La leche que mamaste, venga, vamos a cargar los camiones. Y silbando y entre coplas que parecía llevar enredadas entre los labios, se dedicó a la carga de instrumentos y vestuario con tanta energía que cuando Salomé Quesada, Arturo Reyes, el faquir Ramírez y los músicos llegaron a los camiones, el Textil estaba en la cantina apurando su cuarta o quinta copa de anís y ya cantando abiertamente, ante la presencia imperturbable del novillero Ballesteros, todavía la cabeza con la venda, unos quejidos que parecían flamenco.

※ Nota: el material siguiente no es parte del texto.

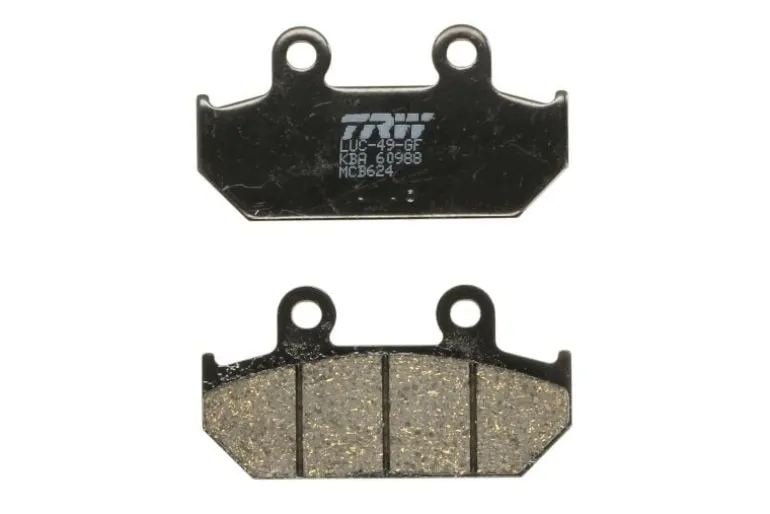 Klocki Hamulcowe TRW MCB624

Acompañando a Enrique Montoya y a Sintora, que eran quienes habían ido a buscarlo a la cantina, el Textil, con su gorra de vaina echada para atrás, casi derramándosele por la coronilla, dejó de cantar para entregarse a un tumulto de recuerdos, como dicen que sucede cuando uno está a punto de morirse:

– Estoy destartalado, tanto rato esperando, ahí con el torero ese que nada más que estaba mirándome, Montoya, tú, Sintora, como me miraba mi padre en Ronda cuando yo salía del colegio y él estaba con los pies metidos en la nieve. Mi padre, que era militar y nunca tenía frío. Yo tenía el frío de mi padre y el mío cuando lo veía. Nada más que mi novia Olguita, en Barcelona, me pudo quitar ese frío. Estoy viendo sus ojos ahora, Montoya, los de mi padre digo, y los de mi madre, y sintiendo cómo los dedos de Olga me tocaban la nuca, y es como si la oliera.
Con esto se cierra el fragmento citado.